You can achieve complete processing of data simply since the high-level scripting language is complete. Additionally, Pig offers added advantage since you can use the code in most major programming languages such as JRuby, Python and even Java. Therefore, using Pig Apache, you will be able to achieve large and complex applications that will handle the business problems. But how do you process data using Apache Pig?
Steps to Follow When Processing Data with Apache Pig
Step 1: You first need to first have the path where you need the data to be downloaded from. Then once you download the data, you will unzip it into a directory that you can refer to when processing.

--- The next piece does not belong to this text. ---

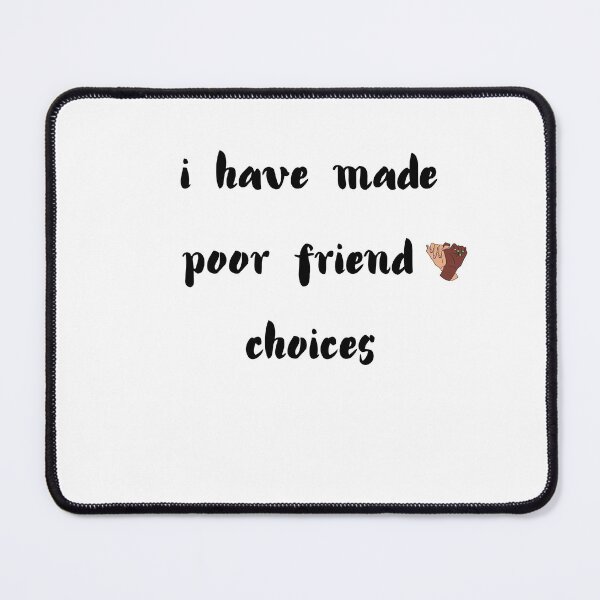 Item preview,  I made bad choices of friends Essential T-Shirt designed and sold by FRANI-ART.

Therefore you should make sure you can remember where the data will go after you have unzipped.
Step 2: Upload the Data So That You Can Process
Remember that format should be in HDP format, and this file system is normally separate from the LFS. Therefore, select the HDFS file view using the menu on your screen. Follow the normal uploading procedure which is clicking on the upload button and then the browse button to search for the file. Select the appropriate file that you downloaded. You should notice that the uploaded files will now be in a different formatwhich will be HDFS.
Step 3: Open Pig to Create Your Script
Click on the pig view in the menu, and the Pig interface will show. On the left side, you will notice the saved scripts and the jobs that were done previously if there are any. The right of the interface shows the saved scripts. Now, clicks the button showing the new script to begin the processing. Name the script by editing the “truck-events” field. Leave the HDFS location blank. Click on the ‘create’ button and go to next step.
Step 4: Define Relation
After creating the script, you now need to define the relation. There are two steps to do this, and one defines the relation named truck events and the next will be describing the command so as to view the truck events relation. After all, is set, save the script.

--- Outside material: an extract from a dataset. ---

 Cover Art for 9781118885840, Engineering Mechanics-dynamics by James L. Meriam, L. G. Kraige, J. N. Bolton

Step 5: Click Execute to Run the Script
After clicking the execute button you will notice that this leads to one or more map reduce jobs. There will be a change on the page too. You can end the process by clicking kill button or you can check the progress on the bar.
View the Data after Process is Complete
The dump command is used to view the data, and you should add it to the Pig script, save and execute it. You can sort it using the order by option.
Note that Apache Pig and Hive are different and the decision to use either depends on the purpose and the type of data.